I have three bows (all cheap-ish) & one thing I do to 'keep myself going' is to play my practice piece with each bow in turn & try to decide which I like best. (Funnily enough, it's the cheapest one of all.) Or when I am playing my beloved Lully, I imagine that I am a French aristocrat, Madame la Marquise, playing for her private salon. This is quite a good one, because I'm in awe of my violin teacher in reality, but in my fantasy, he jolly well has to be polite or Madame will throw him out on his ear!


----------



## OboeKnight

My friend, a bassoonist, and I give pretend recitals in a local university's recital hall. We address our non-existent audience and give ourselves applause xD sounds kind of sad, but hey, the acoustics in there are amazing!


----------



## Feathers

OboeKnight said:


> My friend, a bassoonist, and I give pretend recitals in a local university's recital hall. We address our non-existent audience and give ourselves applause xD *sounds kind of sad*, but hey, the acoustics in there are amazing!

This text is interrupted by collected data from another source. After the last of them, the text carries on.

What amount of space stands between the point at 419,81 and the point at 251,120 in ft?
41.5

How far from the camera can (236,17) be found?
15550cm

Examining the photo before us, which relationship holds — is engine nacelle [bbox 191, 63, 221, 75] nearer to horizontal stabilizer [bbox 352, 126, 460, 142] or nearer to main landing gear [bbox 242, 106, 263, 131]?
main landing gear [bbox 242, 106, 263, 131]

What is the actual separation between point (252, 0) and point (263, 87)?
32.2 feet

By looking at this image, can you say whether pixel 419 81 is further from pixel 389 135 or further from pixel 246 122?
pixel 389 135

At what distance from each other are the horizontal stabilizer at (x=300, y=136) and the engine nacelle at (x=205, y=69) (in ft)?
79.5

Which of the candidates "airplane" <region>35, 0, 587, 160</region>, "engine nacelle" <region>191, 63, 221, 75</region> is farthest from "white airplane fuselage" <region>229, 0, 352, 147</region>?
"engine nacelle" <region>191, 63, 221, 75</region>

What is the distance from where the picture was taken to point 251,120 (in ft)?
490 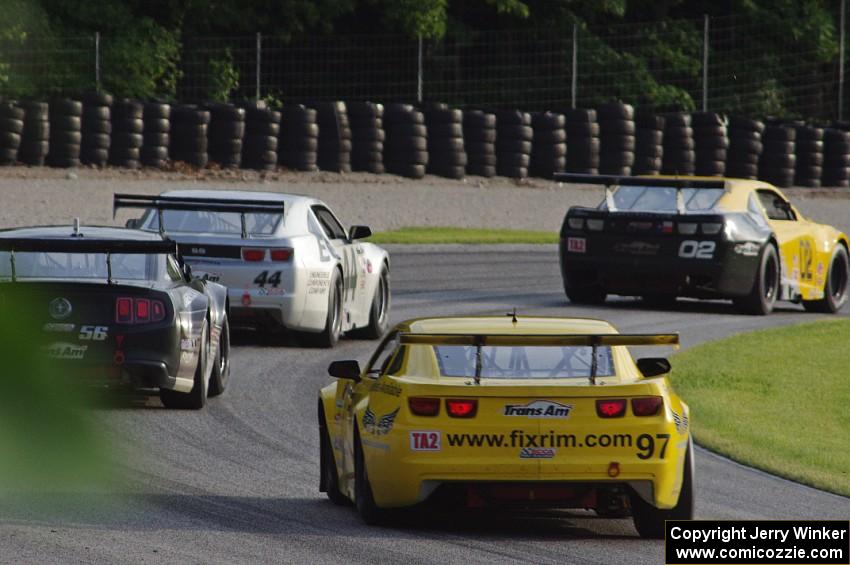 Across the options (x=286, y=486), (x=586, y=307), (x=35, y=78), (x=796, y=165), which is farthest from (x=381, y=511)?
(x=796, y=165)

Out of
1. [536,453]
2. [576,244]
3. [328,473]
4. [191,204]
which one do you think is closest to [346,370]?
[328,473]

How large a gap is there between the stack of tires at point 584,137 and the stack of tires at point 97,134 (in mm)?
8980

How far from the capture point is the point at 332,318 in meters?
15.2

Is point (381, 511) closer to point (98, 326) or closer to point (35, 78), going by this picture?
point (98, 326)

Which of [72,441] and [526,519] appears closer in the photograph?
[72,441]

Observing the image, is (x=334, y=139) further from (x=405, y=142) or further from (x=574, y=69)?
Result: (x=574, y=69)

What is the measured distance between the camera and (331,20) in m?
38.1

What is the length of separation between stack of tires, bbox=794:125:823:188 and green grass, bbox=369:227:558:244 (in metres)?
6.52

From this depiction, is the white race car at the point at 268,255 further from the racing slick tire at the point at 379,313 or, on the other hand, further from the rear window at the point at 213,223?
the racing slick tire at the point at 379,313

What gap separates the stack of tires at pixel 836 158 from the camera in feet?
114

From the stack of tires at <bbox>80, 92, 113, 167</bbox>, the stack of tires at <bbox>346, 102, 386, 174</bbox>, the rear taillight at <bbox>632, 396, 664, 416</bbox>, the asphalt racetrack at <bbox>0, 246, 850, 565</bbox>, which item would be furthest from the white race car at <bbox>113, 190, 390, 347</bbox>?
the stack of tires at <bbox>346, 102, 386, 174</bbox>

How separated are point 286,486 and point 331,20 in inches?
1192

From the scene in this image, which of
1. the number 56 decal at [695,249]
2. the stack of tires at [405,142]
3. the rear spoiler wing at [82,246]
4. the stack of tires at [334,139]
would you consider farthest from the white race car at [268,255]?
the stack of tires at [405,142]

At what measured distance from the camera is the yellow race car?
22.4ft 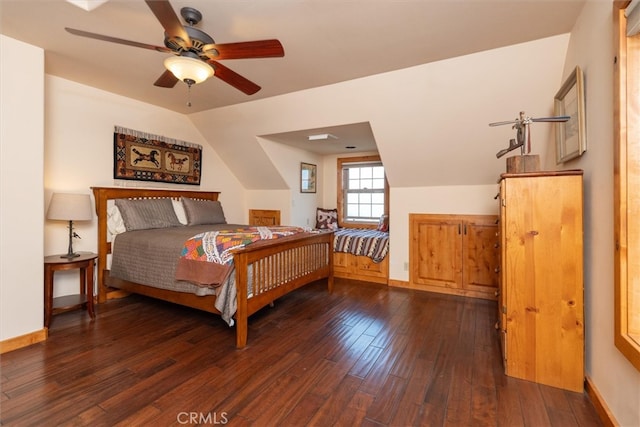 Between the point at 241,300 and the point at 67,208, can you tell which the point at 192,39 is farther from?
the point at 67,208

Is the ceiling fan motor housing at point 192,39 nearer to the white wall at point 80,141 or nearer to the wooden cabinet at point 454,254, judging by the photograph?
the white wall at point 80,141

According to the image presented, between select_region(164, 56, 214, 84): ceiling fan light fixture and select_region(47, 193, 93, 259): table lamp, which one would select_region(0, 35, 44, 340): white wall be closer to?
select_region(47, 193, 93, 259): table lamp

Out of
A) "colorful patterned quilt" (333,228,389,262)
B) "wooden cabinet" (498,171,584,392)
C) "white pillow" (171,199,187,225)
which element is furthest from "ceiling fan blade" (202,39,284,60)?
"colorful patterned quilt" (333,228,389,262)

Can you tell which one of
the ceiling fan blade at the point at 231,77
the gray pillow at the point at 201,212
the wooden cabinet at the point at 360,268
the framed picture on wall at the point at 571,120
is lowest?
the wooden cabinet at the point at 360,268

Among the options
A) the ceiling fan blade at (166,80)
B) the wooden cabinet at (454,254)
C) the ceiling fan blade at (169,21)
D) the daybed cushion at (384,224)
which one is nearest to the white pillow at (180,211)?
the ceiling fan blade at (166,80)

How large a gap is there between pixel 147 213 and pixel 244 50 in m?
2.52

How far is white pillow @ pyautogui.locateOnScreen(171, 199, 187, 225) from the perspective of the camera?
385 centimetres

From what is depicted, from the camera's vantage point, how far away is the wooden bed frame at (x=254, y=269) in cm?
231

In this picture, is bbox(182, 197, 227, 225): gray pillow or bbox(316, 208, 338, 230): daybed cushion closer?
bbox(182, 197, 227, 225): gray pillow

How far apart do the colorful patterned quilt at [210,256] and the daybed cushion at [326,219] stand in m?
2.85

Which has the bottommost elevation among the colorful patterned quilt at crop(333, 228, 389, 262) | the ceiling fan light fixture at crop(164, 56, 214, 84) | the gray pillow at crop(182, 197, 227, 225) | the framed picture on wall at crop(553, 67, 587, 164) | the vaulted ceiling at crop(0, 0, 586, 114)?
the colorful patterned quilt at crop(333, 228, 389, 262)

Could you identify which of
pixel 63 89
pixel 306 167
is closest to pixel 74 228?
pixel 63 89

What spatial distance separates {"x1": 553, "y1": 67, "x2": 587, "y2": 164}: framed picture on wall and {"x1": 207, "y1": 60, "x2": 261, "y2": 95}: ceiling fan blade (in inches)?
85.6

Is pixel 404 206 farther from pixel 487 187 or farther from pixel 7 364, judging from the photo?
pixel 7 364
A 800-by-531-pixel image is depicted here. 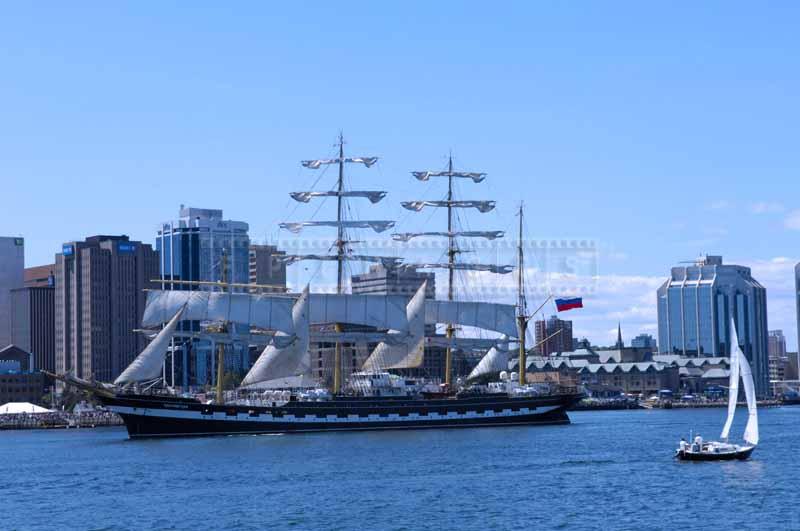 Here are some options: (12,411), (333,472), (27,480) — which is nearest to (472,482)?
(333,472)

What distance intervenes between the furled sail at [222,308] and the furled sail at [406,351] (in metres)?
10.1

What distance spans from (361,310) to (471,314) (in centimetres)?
1330

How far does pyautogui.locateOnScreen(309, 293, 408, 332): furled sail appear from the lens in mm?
126688

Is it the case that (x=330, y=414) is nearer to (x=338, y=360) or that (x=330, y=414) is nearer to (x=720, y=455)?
(x=338, y=360)

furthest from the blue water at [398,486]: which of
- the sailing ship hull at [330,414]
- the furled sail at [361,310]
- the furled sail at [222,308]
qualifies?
the furled sail at [361,310]

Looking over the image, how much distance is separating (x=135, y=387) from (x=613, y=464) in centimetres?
4750

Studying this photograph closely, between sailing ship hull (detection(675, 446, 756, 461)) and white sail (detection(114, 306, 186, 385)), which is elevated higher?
white sail (detection(114, 306, 186, 385))

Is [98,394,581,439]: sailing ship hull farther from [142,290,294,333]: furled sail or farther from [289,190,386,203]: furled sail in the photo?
[289,190,386,203]: furled sail

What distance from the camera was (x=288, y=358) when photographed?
387 feet

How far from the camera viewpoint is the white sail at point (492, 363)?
13488 cm

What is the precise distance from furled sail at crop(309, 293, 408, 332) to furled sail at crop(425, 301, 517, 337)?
25.3ft

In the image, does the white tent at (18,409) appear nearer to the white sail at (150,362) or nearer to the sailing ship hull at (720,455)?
the white sail at (150,362)

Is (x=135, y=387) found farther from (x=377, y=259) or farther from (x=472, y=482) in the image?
(x=472, y=482)

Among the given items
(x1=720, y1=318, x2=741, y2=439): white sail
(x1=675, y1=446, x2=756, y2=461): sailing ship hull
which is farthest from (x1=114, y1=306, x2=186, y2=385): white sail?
(x1=720, y1=318, x2=741, y2=439): white sail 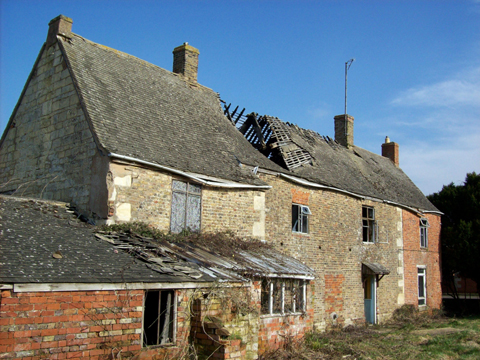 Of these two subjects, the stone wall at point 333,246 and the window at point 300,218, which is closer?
the stone wall at point 333,246

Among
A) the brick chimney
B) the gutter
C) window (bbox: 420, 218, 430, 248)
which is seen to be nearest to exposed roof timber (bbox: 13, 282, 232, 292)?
the gutter

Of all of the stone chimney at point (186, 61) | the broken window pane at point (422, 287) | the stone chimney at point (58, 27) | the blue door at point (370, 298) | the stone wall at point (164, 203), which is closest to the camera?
the stone wall at point (164, 203)

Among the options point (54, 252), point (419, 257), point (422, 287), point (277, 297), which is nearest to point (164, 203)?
point (277, 297)

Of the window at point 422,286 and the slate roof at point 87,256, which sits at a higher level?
the slate roof at point 87,256

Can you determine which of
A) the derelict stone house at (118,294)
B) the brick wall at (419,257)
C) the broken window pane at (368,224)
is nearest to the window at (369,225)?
the broken window pane at (368,224)

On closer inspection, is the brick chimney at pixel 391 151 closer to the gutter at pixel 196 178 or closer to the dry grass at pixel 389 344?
the dry grass at pixel 389 344

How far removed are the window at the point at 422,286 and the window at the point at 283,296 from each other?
1275 centimetres

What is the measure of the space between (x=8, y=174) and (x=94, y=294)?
9.43m

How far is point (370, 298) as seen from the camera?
2072 cm

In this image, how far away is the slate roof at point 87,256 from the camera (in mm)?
8141

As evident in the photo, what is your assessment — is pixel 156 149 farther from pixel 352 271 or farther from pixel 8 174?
pixel 352 271

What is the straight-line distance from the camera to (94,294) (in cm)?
827

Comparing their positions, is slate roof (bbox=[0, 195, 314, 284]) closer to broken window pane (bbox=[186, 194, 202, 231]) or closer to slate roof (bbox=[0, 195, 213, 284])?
slate roof (bbox=[0, 195, 213, 284])

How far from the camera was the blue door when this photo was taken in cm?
2039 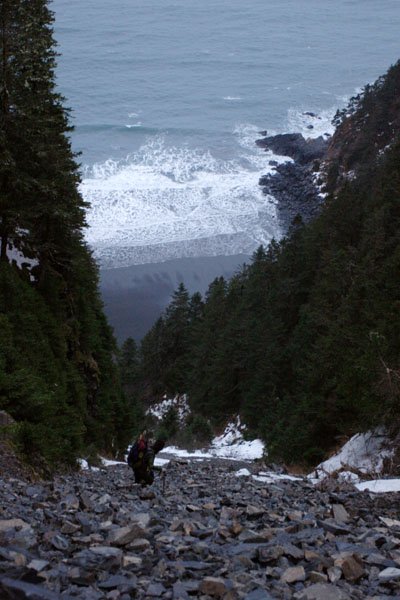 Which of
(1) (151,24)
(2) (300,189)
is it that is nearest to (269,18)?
(1) (151,24)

Hey at least it was the *two*of you . For me it was often just little Feathers and the stuffed animals :lol:, but they were attentive listeners and didn't clap between movements!


----------



## Ingélou

Ingenue said:


> What a great idea, Feathers.
> Or when I am playing my beloved Lully, I imagine that I am a French aristocrat, Madame la Marquise, playing for her private salon. This is quite a good one, because I'm in awe of my violin teacher in reality, but in my fantasy, he jolly well has to be polite or Madame will throw him out on his ear!


It just shows what a fabulous teacher I have - not at all a French fiddle flunkey! - that today I felt dreadfully ill but I didn't want to just cancel, so I sent my husband along instead, Monsieur le Marquis, & my teacher helped him with his keyboard accompaniments.

Reality is better than fantasy! 

PS I have a fabulous husband too...


----------



## hreichgott

Feathers said:


> Hey at least it was the *two*of you . For me it was often just little Feathers and the stuffed animals :lol:, but they were attentive listeners and didn't clap between movements!


cute 
When my smallest piano students are preparing for performances, I have them play "pretend recitals" for my daughter's stuffed animals. They become endearingly nervous. Afterward I help all the animals cheer.


----------



## Feathers

hreichgott said:


> cute
> When my smallest piano students are preparing for performances, I have them play "pretend recitals" for my daughter's stuffed animals. They become endearingly nervous. Afterward I help all the animals cheer.


Awww! They make a good audience don't they! (Except for that one bear that always can't sit properly and falls over in the middle of the performance.)


----------



## Novelette

My two pianos are in the music room, the grand in front of a window.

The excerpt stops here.